Who was Richard Strauss? Information on German composer Richard Strauss life story, biography, works and compositions.
Richard Strauss; (1864-1949), German composer. He is best known for his operas, including Salome and Der Rosenkavalier, and for his symphonic tone poems, such as Don Juan and Till Eulenspiegel’s Merry Pranks. Because he constantly experimented with harmonies and rhythms, Strauss was at first regarded as a radical innovator. Later critics, however, saw him as a major figure of the splendid twilight of German Bomanticism.
Strauss was born in Munich on June 11, 1864. His father, Franz Strauss, was a celebrated horn virtuoso.
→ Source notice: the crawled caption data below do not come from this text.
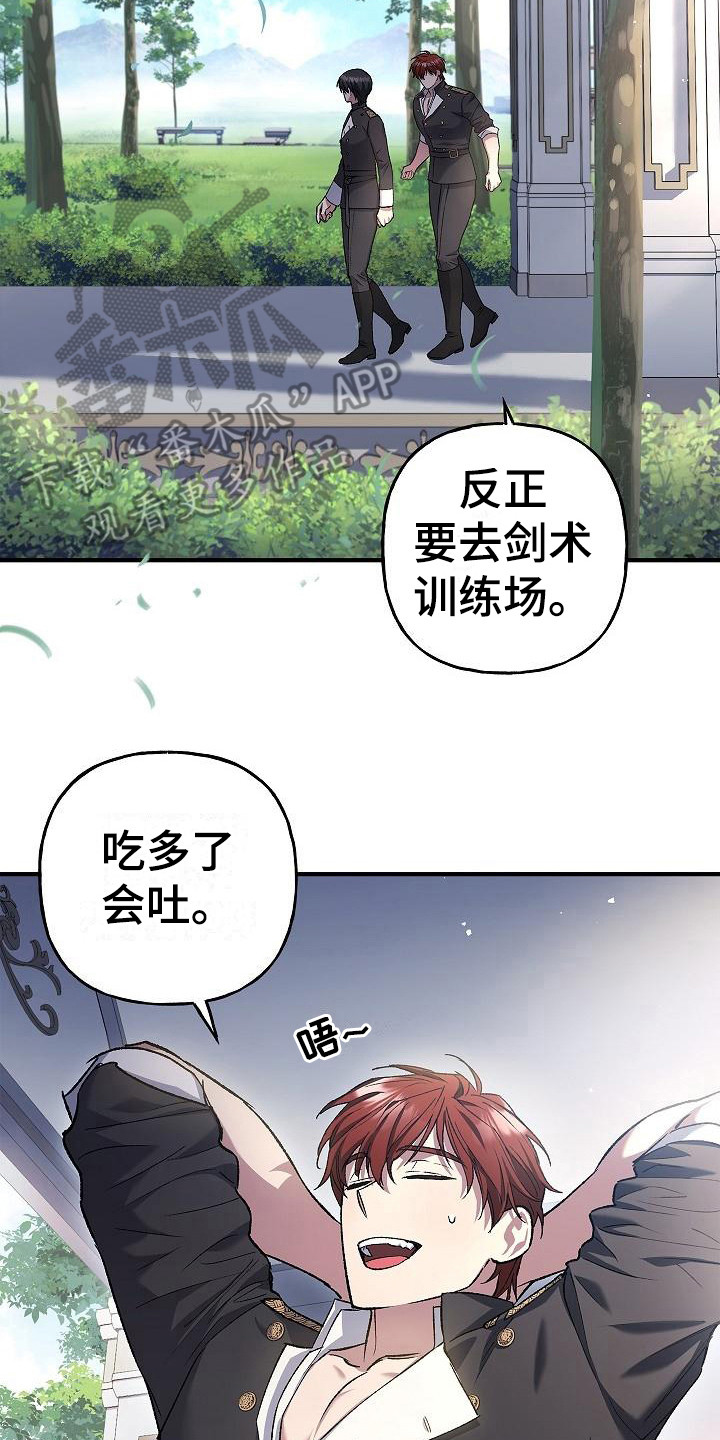 好友环绕漫画漫画,第39章：聚餐2图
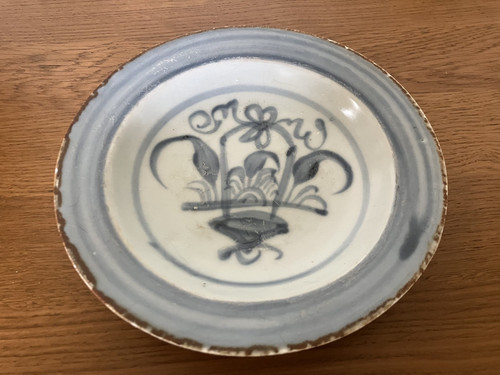 Antique chinese 1822 tek sing - 1822,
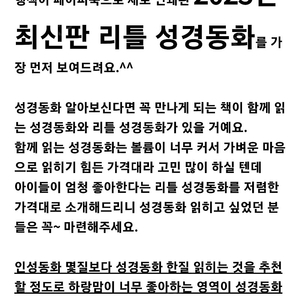 리틀 성경동화 23년판 미개봉박스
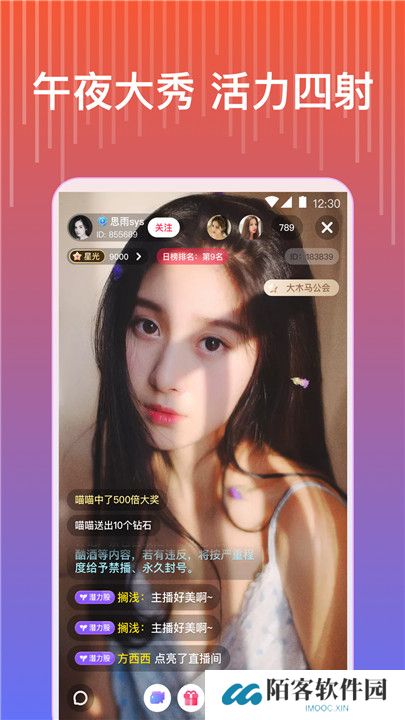 蓝莓直播间手机版
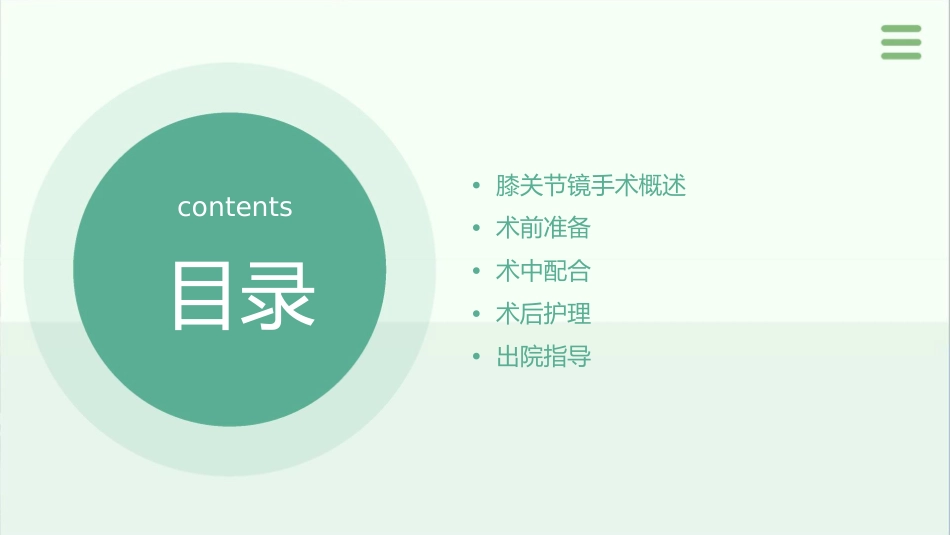 膝关节镜手术配合护理课件_第2页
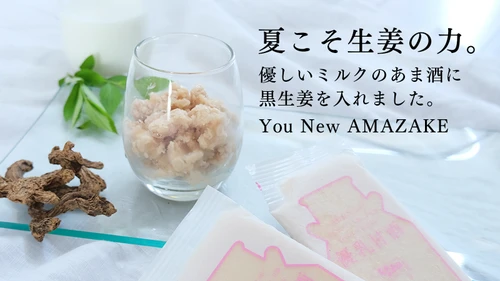 「日本ギフト大賞2021 宮崎賞」受賞のミルクあまざけから 黒生姜味の「フローズン優乳甘酒　黒生姜」が今夏リリース！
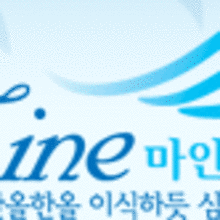 맞춤수선 이미지
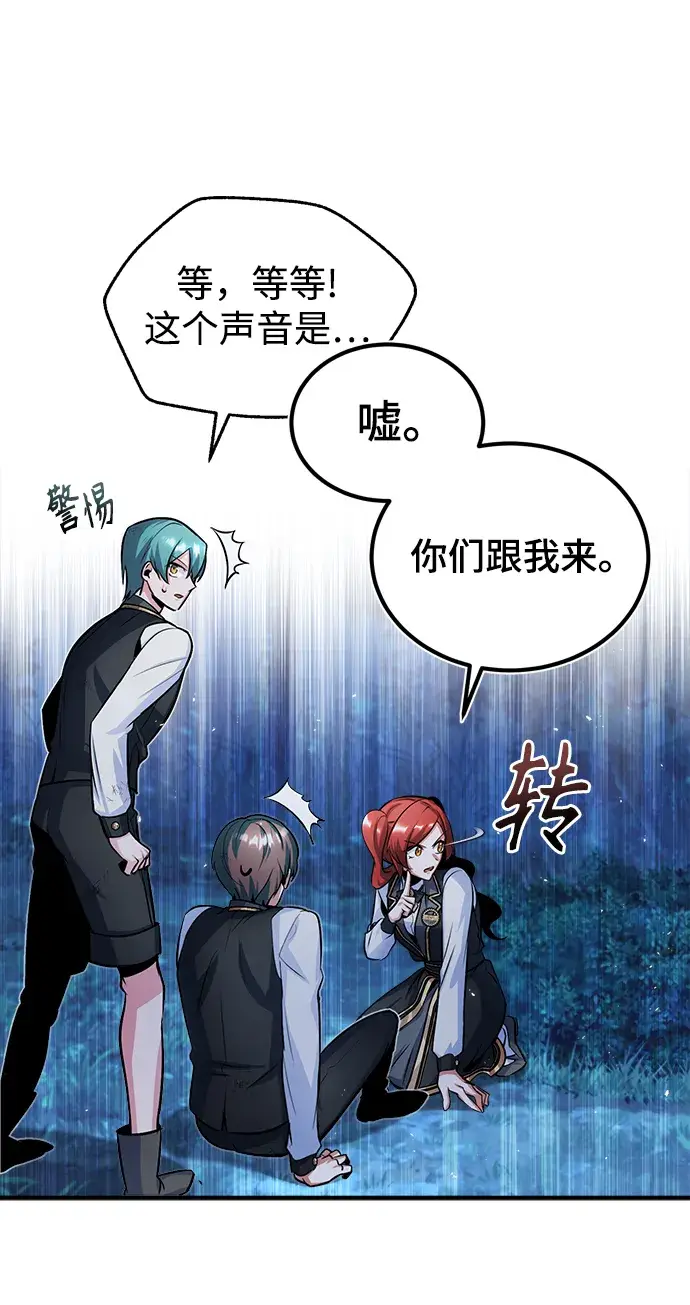 漫画《魔法学院的伪装教师》第15话第70张图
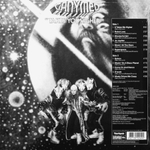 Ganymed / Takes You Higher (LP)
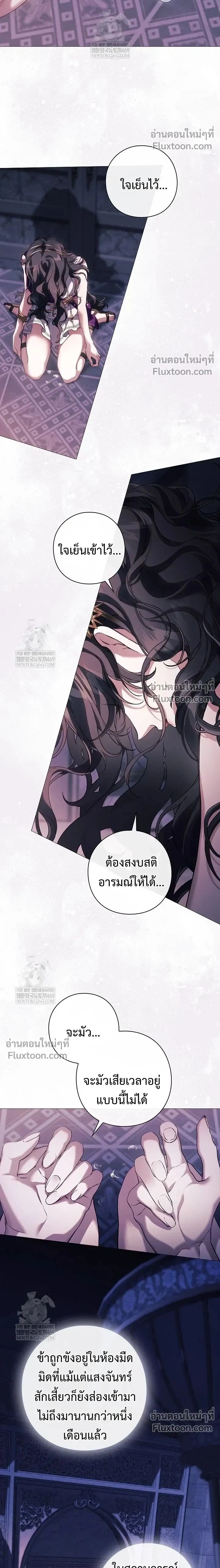 Pray! หน้า 2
Young Richard began composing when he was six, and his first symphony was performed when he was 18. He began a distinguished conducting career in 1885, when he succeeded Hans von Bülow as director of the Meiningen Orchestra. He later held other important conducting posts, including those with the Weimar court orchestra (1889-1894) and the Royal Opera House, Berlin (1898-1910).
Strauss’ earliest works were conventional, but he quickly adapted to his own purposes the more advanced usages of his day. The first of his great tone poems was Don Juan (1889). His first opera, Guntram, heavily Wagnerian in style, was given in Weimar in 1894. His operatic period, however, did not begin effectively until 1905. In the interim he wrote his other major tone poems, including Death and Transfiguration (1890), Till Eulenspiegel’s Merry Pranks (1895), Thus Spake Zarathustra (1896), Don Quixote (1898), and A Hero’s Life (1899).
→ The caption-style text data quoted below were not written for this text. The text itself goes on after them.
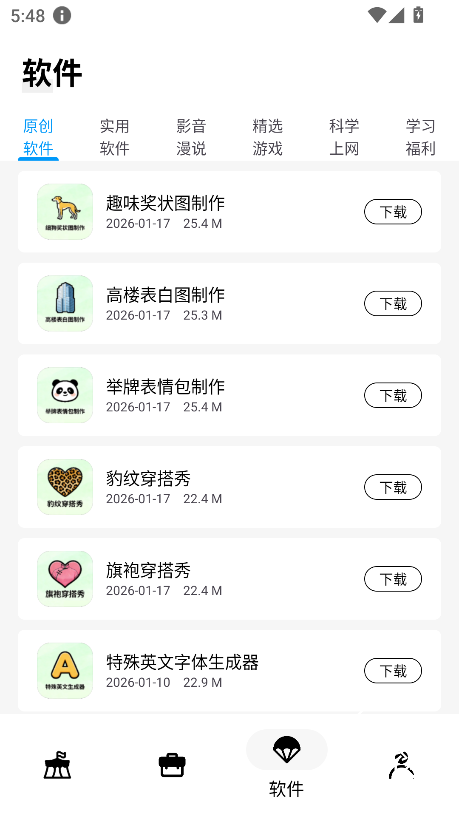 文爷软件库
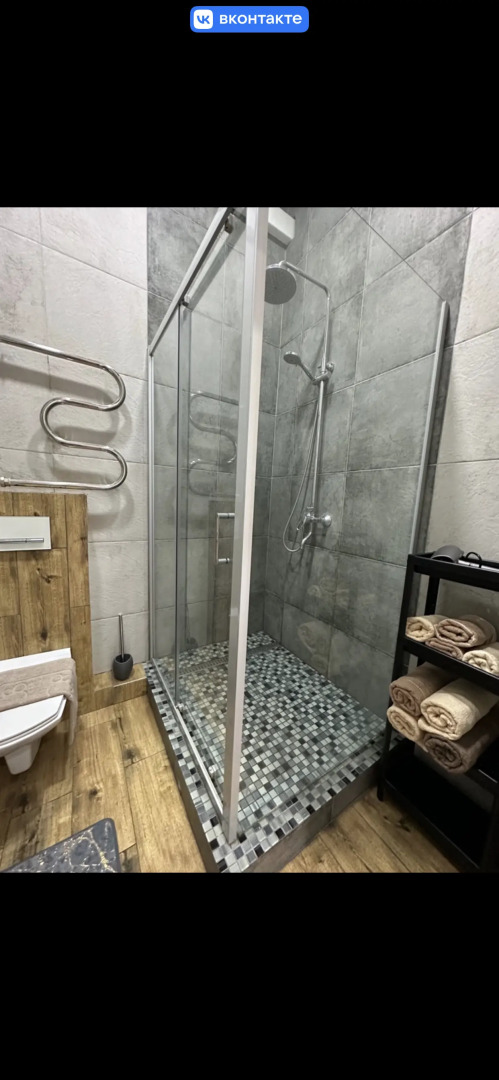 Квартира Комфортабельная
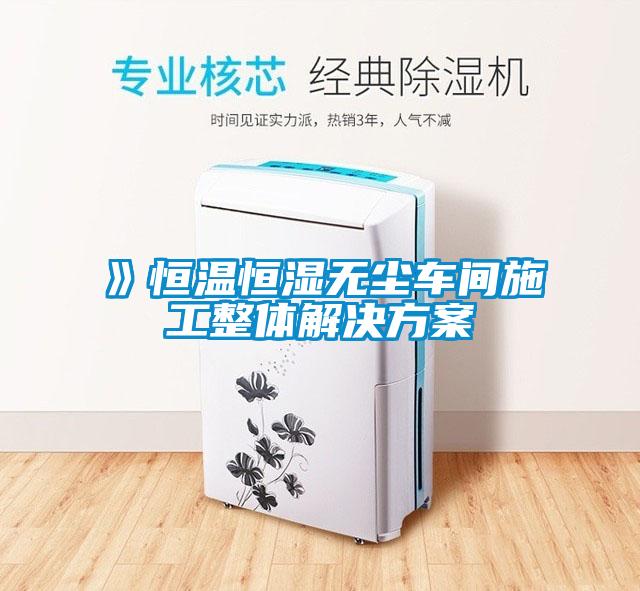 》恒溫恒濕無塵車間施工整體解決方案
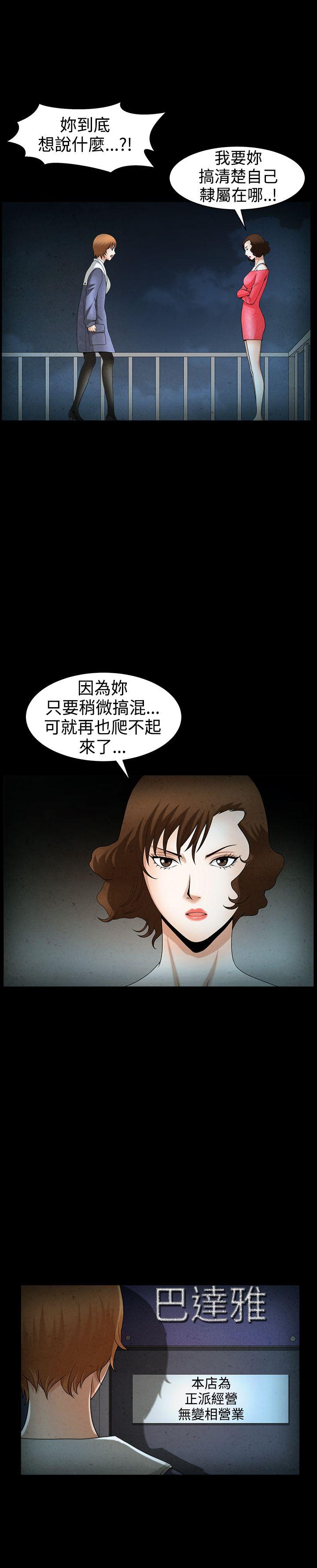 人妻性解放3:粗糙的手  第45话 漫画图片23.jpg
In 1905, having gained international fame as a conductor and as a composer of orchestral works, Strauss attracted the attention of the operatic world with the masterful Salome. The libretto was a German translation, by Hedwig Lachmann, of Oscar Wilde’s notorious play of that name. Next came Elektro (1909), which had a libretto by Hugo von Hofmannsthal and marked the beginning of Strauss’ successful collaboration of about 20 years with the great Austrian poet. Elektra was followed by Der Rosenkavalier (1911), perhaps Strauss’ best-loved opera, famous for its lilting, exquisite waltzes. Ariadne auf Naxos, first performed in 1912, was given in a revised version in 1916. Other operas done in collaboration with Hofmannsthal were Die Frau ohne Schatten (1919), Die ägyptische Helena (1928), and Arabella (1933).
Strauss’ last years were stormy. His attitude toward the Hitler regime was ambiguous. In 1933 he became president of the powerful Reichsmusikkammer, an agency that controlled the musical life of Nazi Germany. He came into conflict with the Nazi authorities, however, and resigned in 1935. In 1947, aged and feeble, he visited London, where he participated in a Strauss festival. In June 1948, a Munich denazification court cleared him of collaboration charges. He died at his Bavarian retreat in Garmisch-Parten-kirchen on Sept. 8, 1949.